Does Delta's First Class Shuttle Cabin Signal The End of Shuttle Flights?
Back in March I reported on the fact that it seems that shuttle flights between cities on the East Coast like New York, Boston, and Washington haven't been faring too well in recent years. Joe Brancatelli who writes the Seat 2B column for Portfolio says that the recent news that Delta will add first-class cabins to its shuttle flights between New York, Boston, and Washington isn't a positive sign; it proves that the shuttles may well be on their way out. The shuttles have become less profitable and the shuttle aircraft which are equipped with standard first- and coach-class cabins can now be used on any flight path. In the 1980s large shuttles used to run every hour and promised no reservations needed. Now the remaining shuttles use smaller aircraft and fly less frequently especially on weekends and non-peak times.
Is this the last gasp of the shuttle flight?

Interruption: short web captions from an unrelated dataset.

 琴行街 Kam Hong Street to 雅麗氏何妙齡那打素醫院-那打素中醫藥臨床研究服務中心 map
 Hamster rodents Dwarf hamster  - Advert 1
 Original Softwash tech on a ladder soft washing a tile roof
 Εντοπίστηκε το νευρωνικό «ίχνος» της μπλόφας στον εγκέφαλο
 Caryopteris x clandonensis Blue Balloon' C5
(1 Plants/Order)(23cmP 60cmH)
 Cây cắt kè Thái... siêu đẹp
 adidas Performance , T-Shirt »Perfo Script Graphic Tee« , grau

It certainly seems like it, the rise of technology, the high-speed Acela train, private jet charter services and even luxury bus lines have made shuttle flying less and less attractive. Like Joe Brancatelli, I'm a little nostalgic for the shuttles of my youth but in these days when it seems that hardly any flights go smoothly and airlines are struggling to stay afloat it seems like the shuttle is an idea whose time is long gone.